13 septiembre, 2014

Grupal

Lo de la censura es algo que, por lo general, provoca sensaciones ambivalentes: a nadie le gusta que le digan lo que tiene que hacer, pero todo quisqui, artista o no, alberga la secreta esperanza de que cuatro señorines lo reafirmen diciéndole que lo suyo no puede ser, que eso ataca directamente a los cimientos de la sociedad actual.

Este mecanismo que en el siglo XXI toma la forma de un administrador de Fotolog que te chapa la cuenta por subir una foto en la que sales cagando, lo llevaba hace cincuenta años en España un pelotón de los torpes que tenía encomendada la salvaguarda de los valores fundamentales de un régimen tan memo como asesino.

Huelga decir que esta misión, honrando el espíritu del "Muera la cultura", le era encomendada a un hatajo de mentecatos que a duras penas era capaz de hacer la o con un canuto, lo que posibilitaba que se les colasen de manera sistemática goles por toda la escuadra mientras ellos se afanaban en cubrirle un centímetro más de tobillo a María Asquerino.

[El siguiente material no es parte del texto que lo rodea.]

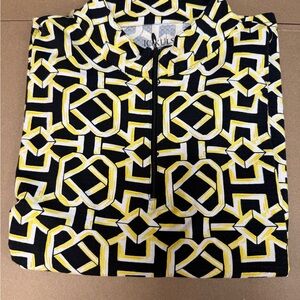ICIKULS Geometric Black and Yellow Shirt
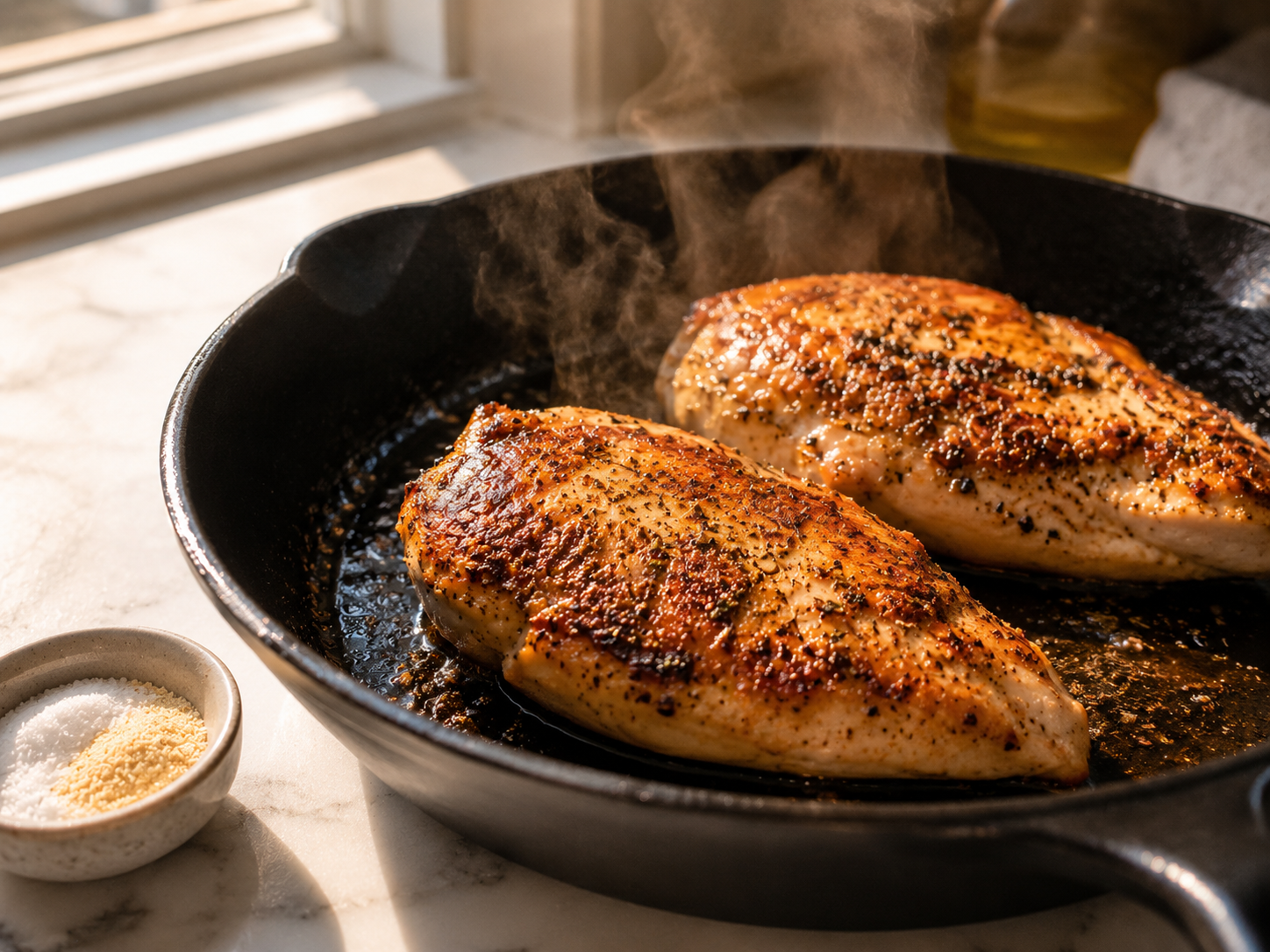 Chicken breasts seasoned and grilling in a pan — golden and cooked through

Era aquella una época en la que los Pokémon se encontraban aún en estado larvario y los nenes buscaban el entretenimiento en tocar los huevos por ahí a todos los que pillasen por banda, que eso no ha cambiado, pero también en gastarse el duro de la asignación en tebeos, industria monopolizada o casi por la Editorial Bruguera, tan negrera en lo que se refiere al trato hacia sus dibujantes como inofensiva a los ojos del régimen.

Y así, discretamente y con rima consonante, como tiene que ser, se paseó Francisco Ibáñez con la pichina fuera ante las narices de los inoperantes censores, atacando directamente a una de las instituciones básicas del franquismo (Dios, patria y familia): en 1958, el mismo año en que se promulga la Ley de principios fundamentales del movimiento, el dibujante tiene a bien sacarse de la manga a La familia Trapisonda, un grupito que es la monda.

Con este pareado de apariencia banal, el autor catalán degrada a la categoría de anécdota un pilar de la dictadura: la familia no es más que, a fin de cuentas, un "grupito", lo que, efectivamente, se materializaba en unas viñetas que reflejaban cómo esta institución inviolable estaba constituida por individualidades cuyo único objetivo era el bien propio, puteando si hacía falta (y si no, también) al resto para lograrlo.

Nada más efectivo que una rima, nada más inútil que un censor: esta es la moraleja que pretendía compartir con vosotros, amigos.

1 comentario:

  1. Una breve y, no negaré, vaga consulta en Wikipedia nos informa de que ni la simple rima de Francisco Ibáñez pudo escapar a la censura:

    «Un año después Ibáñez cambió los parentescos entre los personajes: la esposa pasó a convertirse en hermana de Pancracio, y los hijos, en sobrinos, sin quedar del todo claro por qué los niños viven en casa de sus tíos. El motivo de estos cambios es que la censura franquista prohibió a las revistas juveniles "toda desviación del humorismo hacia la ridiculización de la autoridad de los padres, de la santidad de la familia y el hogar"».